- _What is being asked_
All lines from the one containing "Bright interior common" through the last line of the listing should be given again exactly, with no pictures.

- _Information supplied_
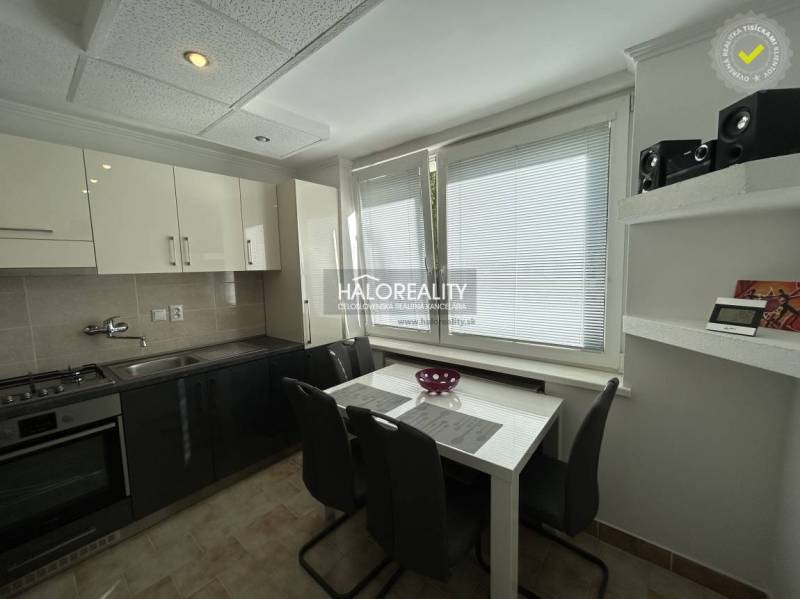 A kitchen in a 2-room apartment with a window, a dining table, and a dark kitchen unit.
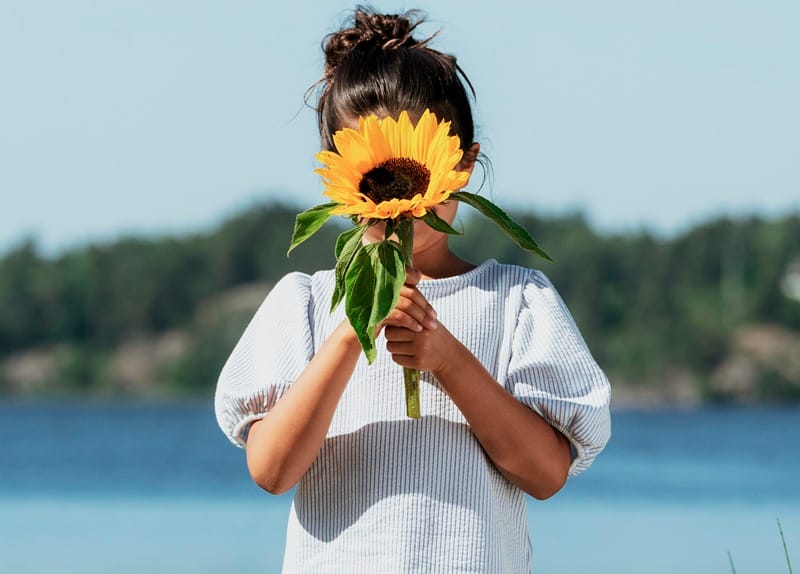 Petite fille tenant un tournesol devant son visage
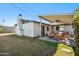 A covered back patio with lounge seating with a grassy yard at 1632 E Maryland Ave, Phoenix, AZ 85016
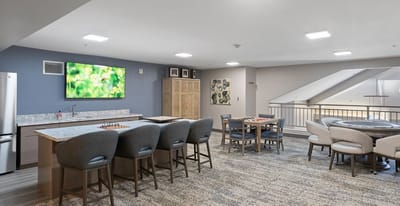 Bright interior common area with seating and games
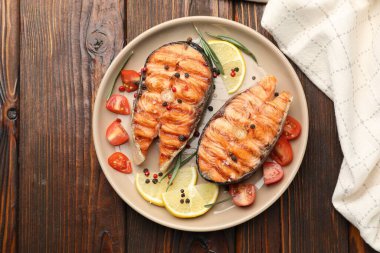 Lezzetli ızgara somon bifteği, limon, biberiye ve ahşap masada domatesle servis edilir.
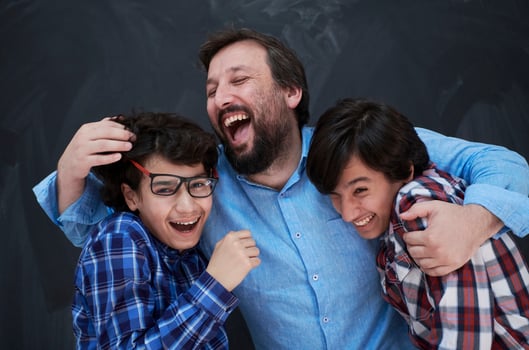 happy father hugging sons photo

- _Worked solution_
 Bright interior common area with seating and games
 Lezzetli ızgara somon bifteği, limon, biberiye ve ahşap masada domatesle servis edilir.
 happy father hugging sons photo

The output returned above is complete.